The responses of Mr. Wasik to Items 5 through 9 of the portions of the
cover page hereof which relate to shares of Class A Common Stock beneficially
owned are herein incorporated by reference. Of the 6,620,140 shares of Class A
Common Stock beneficially owned by Mr. Wasik, 6,617,340 shares represent shares
that DNL Partners Limited Partnership ("DNL Partners") has a right to acquire,
at its option, at any time, upon the conversion in accordance with its terms of
6,617,340 shares of Class C Common Stock, par value $.01 per share, of Carson.

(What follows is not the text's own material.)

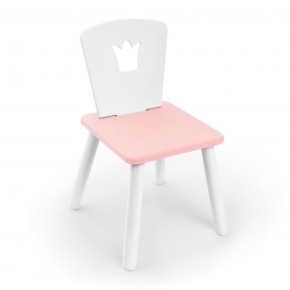 Детский стул Rolti Baby «Корона» (белый/розовый/белый, массив березы/мдф) в Казани - kazan.ok-mebel.com | фото 1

Of such 6,617,340 shares, 818,640 shares are held by DNL Partners as Voting
Trustee pursuant to a Voting Trust Agreement dated August 23, 1995.
Mr. Wasik has a 99% ownership interest in DNL Group, L.L.C., the
general partner of DNL Partners, and therefore is deemed to have voting and
dispositive control as to the shares held by DNL Partners.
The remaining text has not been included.